Judging from last week’s CFTC position report, funds sold a net 6,050 lots, and their net long positions dropped to 77,743 lots. The number of long positions of other hedging and large speculators also decreased.

On December 6, ICE cotton futures closed sharply higher, and the surge in the Dow Jones Industrial Average and energy prices drove the financial markets to collectively chase the gains. It is reported that Saudi Arabia increased the price of crude oil last weekend, causing the price ratio of chemical fiber and cotton to change, while the reduction of “Omicron” concerns prompted the U.S. stock market to rebound.

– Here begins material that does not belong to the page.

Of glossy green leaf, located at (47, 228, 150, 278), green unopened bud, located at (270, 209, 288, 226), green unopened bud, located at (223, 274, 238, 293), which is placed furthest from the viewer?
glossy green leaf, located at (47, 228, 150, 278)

The 2021 USDA crop report has stopped being released. The important reports this week are Thursday’s December supply and demand forecast and the weekly U.S. cotton export report. Generally speaking, the December and January reports have little impact on the market. Last month, the U.S. Department of Agriculture reduced U.S. cotton production, resulting in a corresponding decrease in ending stocks. In terms of U.S. cotton exports, the number of U.S. cotton contracts increased significantly last week, but shipments are still sluggish, and the problem remains the global supply chain crisis.

As the market’s concerns about the “Omicron” mutant strain subsided, the financial market quickly recovered, and OPEC also had confidence in the market. Under the influence of the rebound in the external market, cotton prices are expected to continue to stabilize.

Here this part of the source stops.